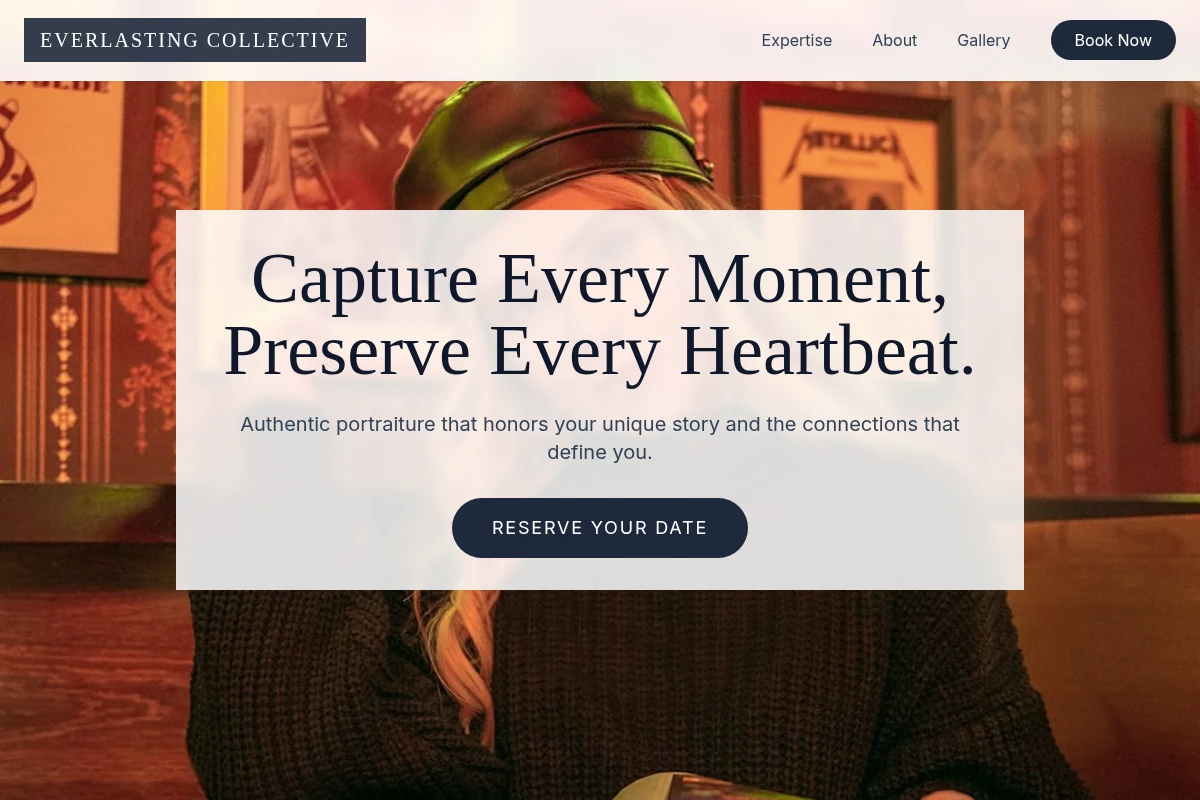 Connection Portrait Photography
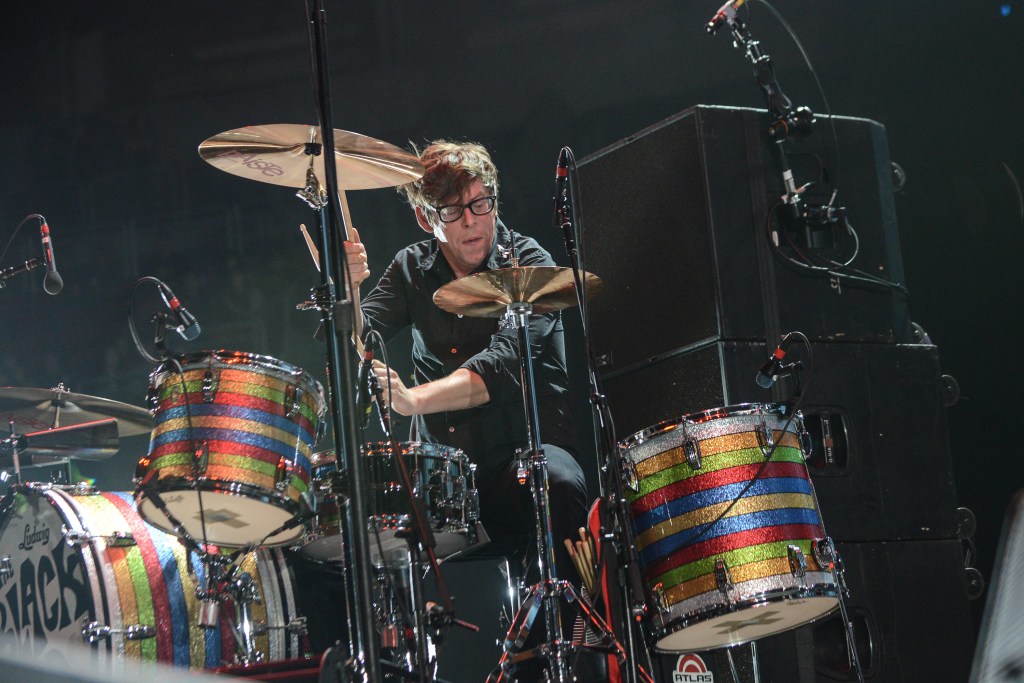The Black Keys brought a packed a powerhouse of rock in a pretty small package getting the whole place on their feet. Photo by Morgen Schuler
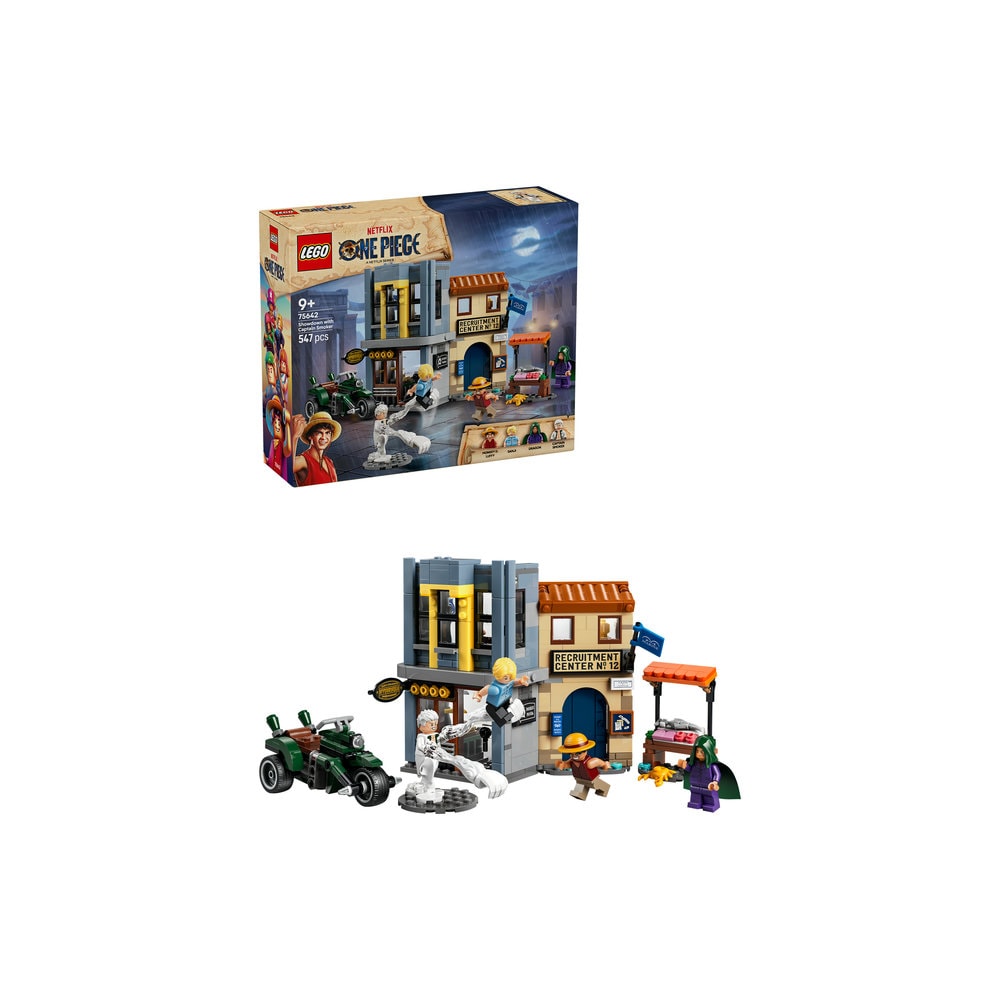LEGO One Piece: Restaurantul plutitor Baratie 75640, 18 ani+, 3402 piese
------------
- **WORK ITEM**:
Please repeat the data verbatim and leave the pictures out of your copy.

- **PROBLEM SOLUTION**:
 Connection Portrait Photography
The Black Keys brought a packed a powerhouse of rock in a pretty small package getting the whole place on their feet. Photo by Morgen Schuler
LEGO One Piece: Restaurantul plutitor Baratie 75640, 18 ani+, 3402 piese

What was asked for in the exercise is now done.